Jochem Marotzke, director of the Max Planck Institute for Meteorology in Hamburg, Germany, will present the 2015 Henry W. Kendall Memorial Lecture on Wed., April 15, at 5 p.m. in the Wong Auditorium (Room E51-115).

Marotzke’s talk is titled “Recent Global Temperature Trends: What do they tell us about anthropogenic climate change?” He will discuss the implications of the recently-observed slowdown in global warming, often referred to as a warming “hiatus.”

Observations suggest a hiatus in global surface-temperature rise since 1998, whereas most climate model simulations suggest continued warming. The gap between observations and simulations raises a number of questions: What causes this difference? Do climate models respond too sensitively to the increase in greenhouse-gas concentrations such as that of carbon dioxide, and thus overestimate climate change systematically? Or has the discrepancy arisen by chance? And what is the relevance of this discrepancy for the assessment of long-term anthropogenic climate change? 
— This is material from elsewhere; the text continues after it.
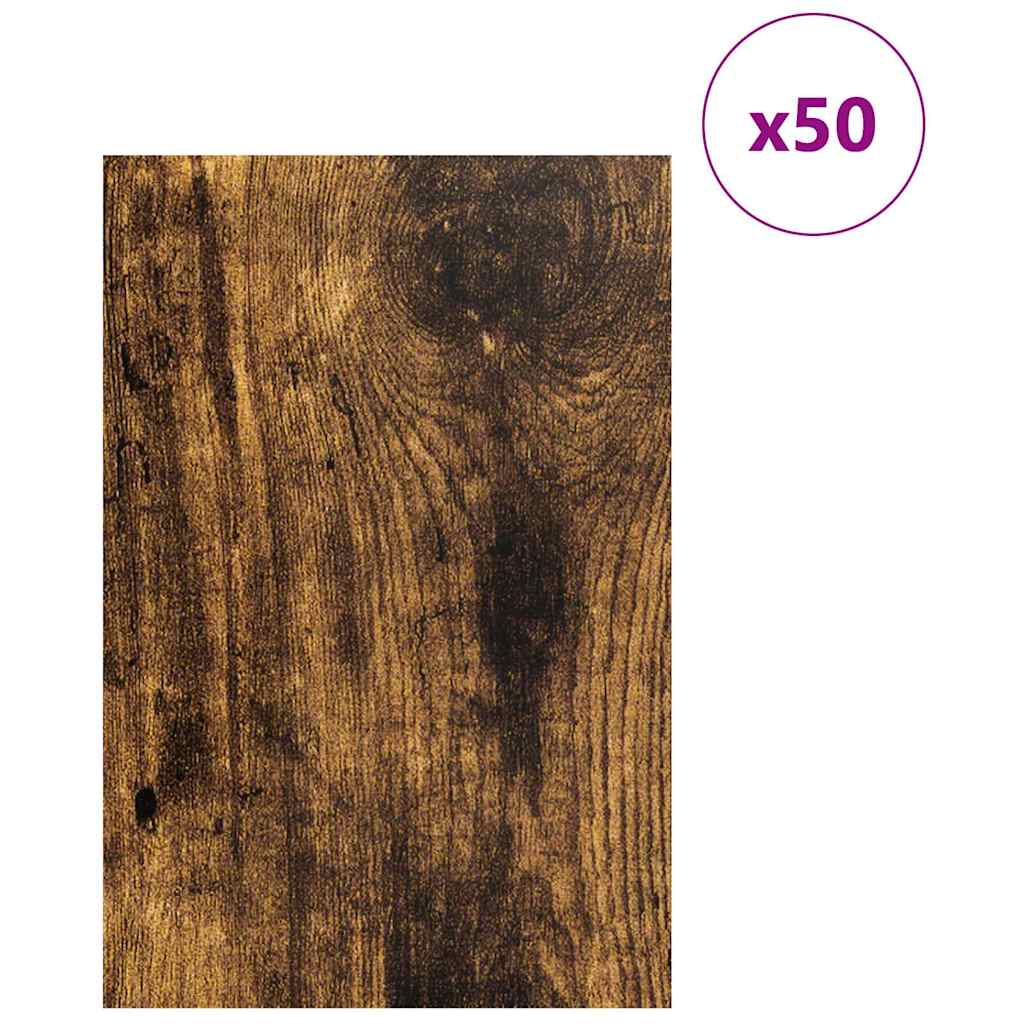 vidaXL Panele dekoracyjne 50 pcs Dąb wędzony 40 x 60 x 0.27 cm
Marotzke’s lecture will first illustrate the physically fundamental manifestation of anthropogenic climate change — increasing ocean heat content in relation to rising greenhouse-gas concentrations. This increase in heat content has gone on unabated for at least the past 40 years.

He will then show that differences between different model simulations — and hence, also differences between simulations and observations — are dominated by chance events when temperature changes over periods as short as 15 years are considered. By contrast, it matters little whether models respond more or less sensitively to increasing greenhouse-gas concentrations, if changes over only 15 years are considered.
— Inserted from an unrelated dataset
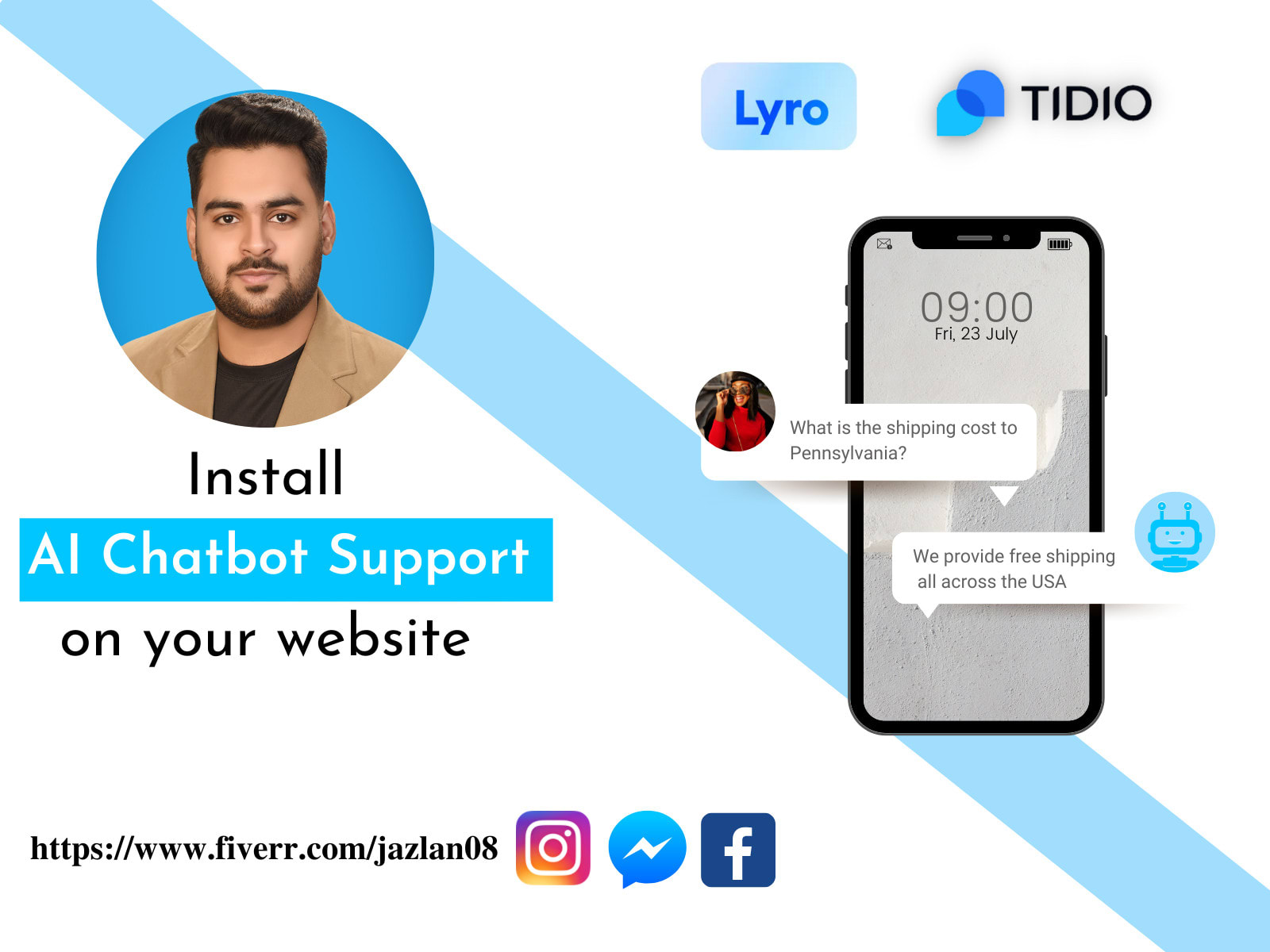 Lyro - conversational AI chatbot – Tidio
The difference between simulated and observed global surface-temperature changes during the hiatus period thus tells us very little about model capability or lack thereof; and as an indicator of anthropogenic climate change the surface-warming hiatus is largely irrelevant, Marotzke will conclude.

The Henry W. Kendall Memorial Lecture Series introduces the MIT community to leading researchers in the field of global-change science. The Kendall Lecture is free and open to the public, and a reception will follow in the Green Building Lounge (Room 54-923). Those wanting more information may contact Jen Fentress with questions at 617-252-2127 or jfen@mit.edu.

The Kendall Memorial Lecture is sponsored by the MIT Department of Earth, Atmospheric and Planetary Sciences and the Center for Global Change Science.